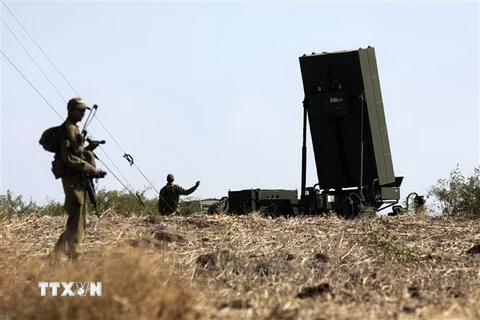 Binh sỹ Israel gác bên hệ thống đánh chặn tên lửa ở phía Bắc Israel. (Nguồn: AFP/TTXVN) 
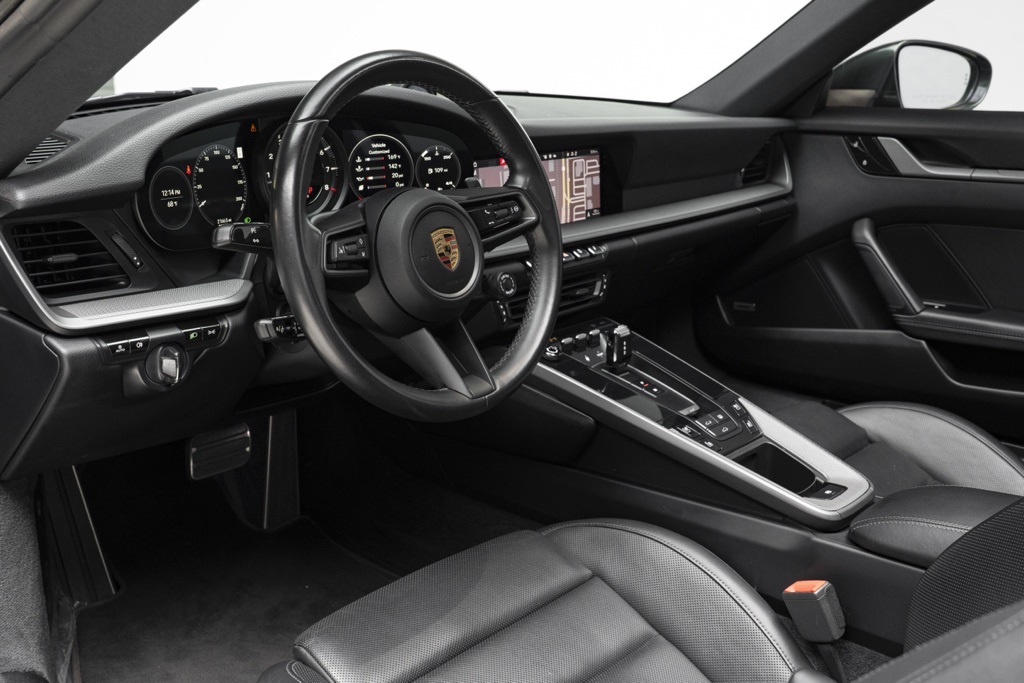 2020 Porsche 911 - Thumbnail 2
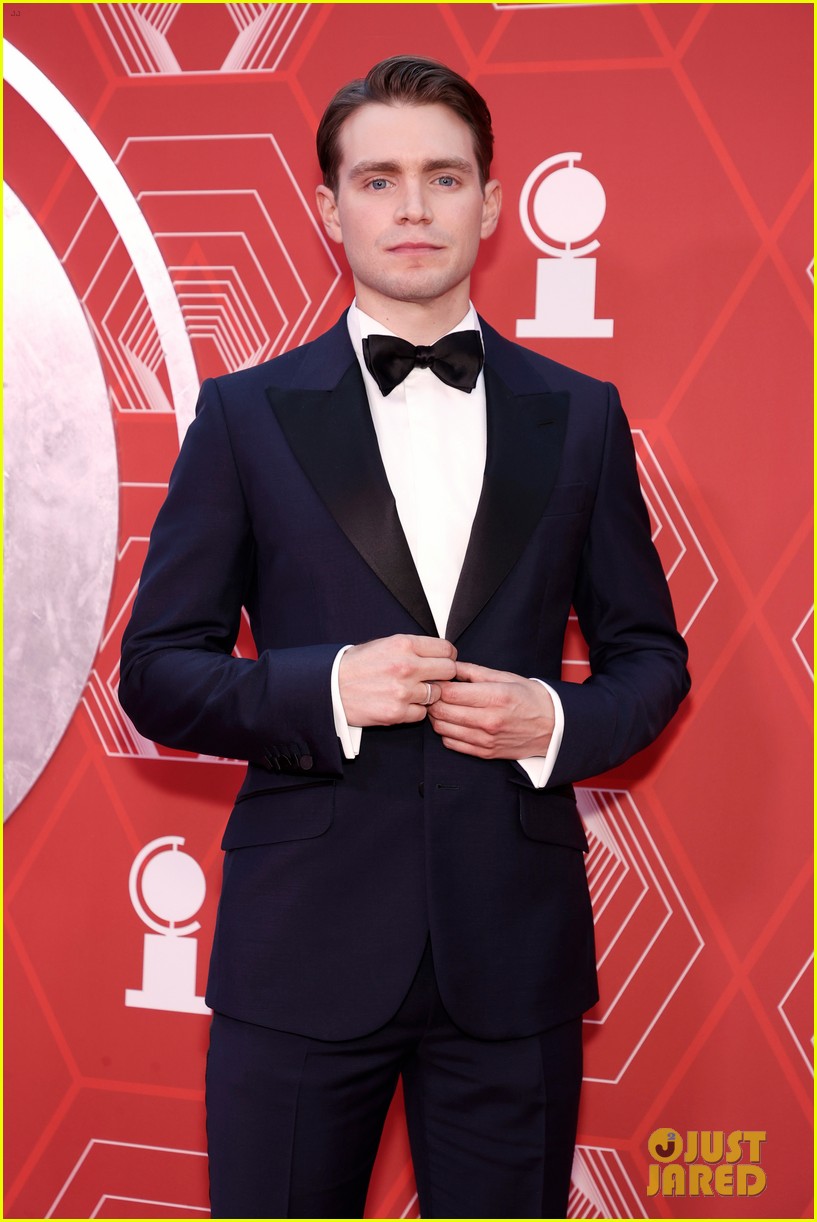 andrew burnap cast in snow white 01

### TASK REQUIREMENTS
Pictures stay out. Return exactly the lines from the one with "2020 Porsche 911 - Thumbnail 2" through the last line of the data.

### YOUR SOLUTION
 2020 Porsche 911 - Thumbnail 2
 andrew burnap cast in snow white 01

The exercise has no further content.